A comprehensive, interactive syntax analysis detection system demonstrating compiler design principles
- Overview
- Features
- Live Demo
- Architecture
- Grammar Definition
- Parser Implementations
- Error Detection
- Project Structure
- Getting Started
- Test Cases
- Applications
- Technologies Used
- Screenshots
- Contributing
- License
SyntaxScope is an interactive web-based project that demonstrates the design and implementation of a syntax analysis detection system — a core component of compiler design. It takes user-provided arithmetic expressions or code snippets and analyzes them to verify whether they follow the rules of a defined context-free grammar (CFG).

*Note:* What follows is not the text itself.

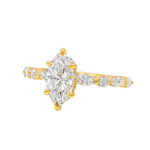 1 Ct marquise diamond engagement ring with gold band and side round diamonds.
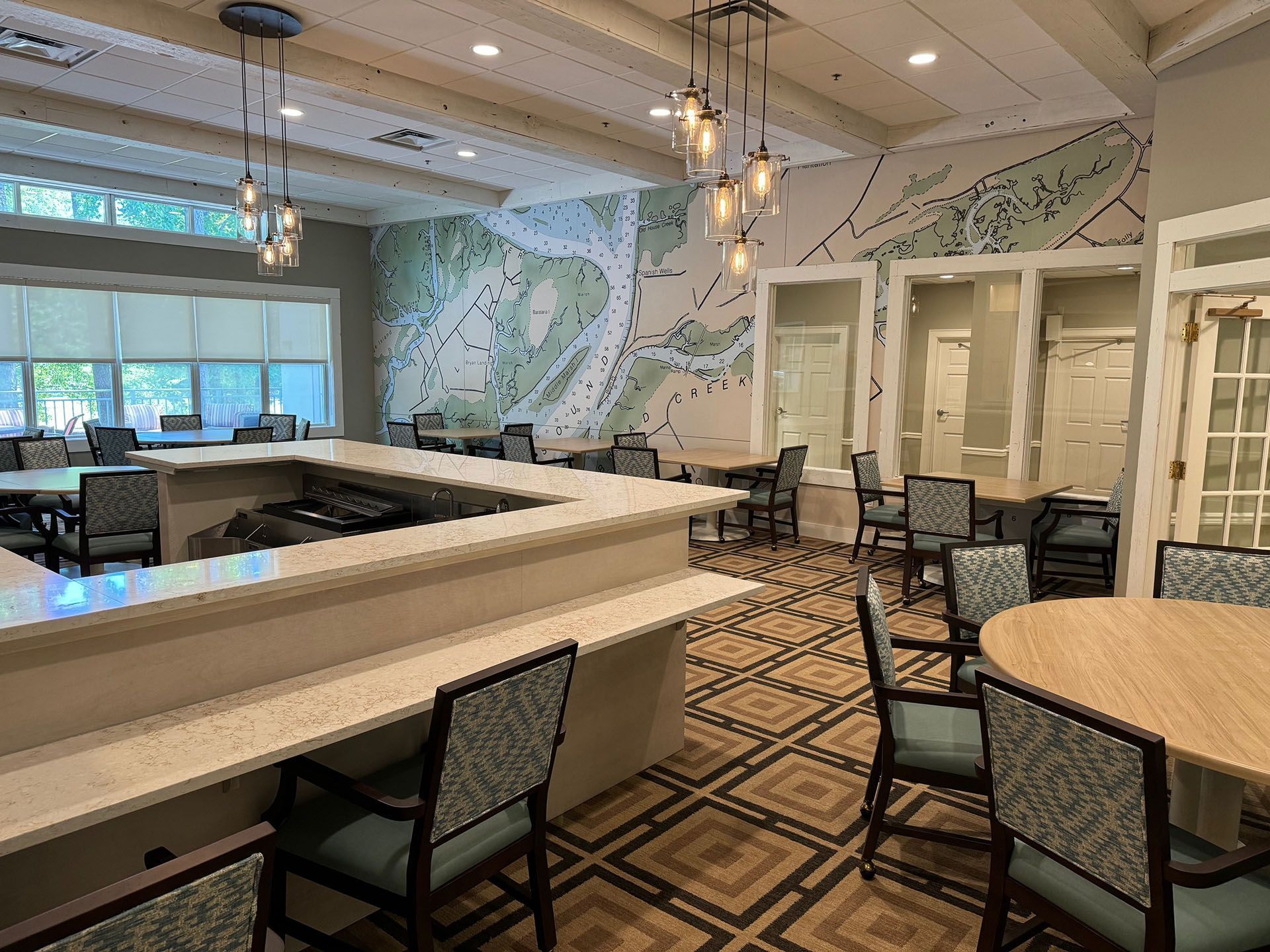 Commercial restaurant remodel and expansion - Tidepoint/After: Interior of a dining area with a bar, tables, chairs, and a map-like wall design.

Syntax analysis (parsing) is the second phase of a compiler. It takes a stream of tokens from the lexical analyzer and determines whether the token sequence can be generated by the grammar of the source language. The parser constructs a parse tree that represents the hierarchical syntactic structure of the program.
Source Code → [Lexer] → Tokens → [Parser] → Parse Tree → [Semantic Analyzer] → AST → [Code Gen] → Output
↑
You are here!
| Aspect | Lexical Analysis | Syntax Analysis |
|---|---|---|
| Phase | First phase | Second phase |
| Input | Character stream | Token stream |
| Output | Tokens | Parse tree / AST |
| Grammar | Regular expressions | Context-Free Grammar |
| Errors | Invalid characters | Structural errors |
| Tool | Finite Automaton | Pushdown Automaton |
- 🔄 Three Parser Implementations: Recursive Descent, LL(1), and LR(0)
- 📝 Interactive Tokenizer: Real-time lexical analysis with token visualization
- 🌳 Parse Tree Visualization: Canvas-based tree rendering with color-coded nodes
- ❌ Syntax Error Detection: Meaningful error messages with position indicators
- 📊 Step-by-Step Tracing: Watch the parsing process unfold step by step
- 🧪 Automated Testing: 15+ built-in test cases (valid and invalid)
- 📱 Responsive Design: Works on desktop, tablet, and mobile
- 🎨 Premium Dark Theme: Modern glassmorphism UI with animations
┌──────────────┐ ┌──────────────┐ ┌──────────────┐
│ Input │────▶│ Lexer │────▶│ Parser │
│ Expression │ │ (Tokenizer) │ │ (RD/LL1/LR) │
└──────────────┘ └──────────────┘ └──────┬───────┘
│
┌──────────────┐ ┌────────▼───────┐
│ Tree │◀────│ AST │
│ Renderer │ │ (Parse Tree) │
└──────────────┘ └────────────────┘
A formal grammar G = (V, Σ, P, S) where:
- V (Variables): {Expr, Term, Factor, Primary}
- Σ (Terminals): {NUMBER, ID, +, -, *, /, ^, (, )}
- S (Start symbol): Expr
1. Expr → Expr + Term (Addition)
2. Expr → Expr − Term (Subtraction)
3. Expr → Term (Base case)
4. Term → Term * Factor (Multiplication)
5. Term → Term / Factor (Division)
6. Term → Factor (Base case)
7. Factor → Primary ^ Factor (Exponentiation, right-assoc)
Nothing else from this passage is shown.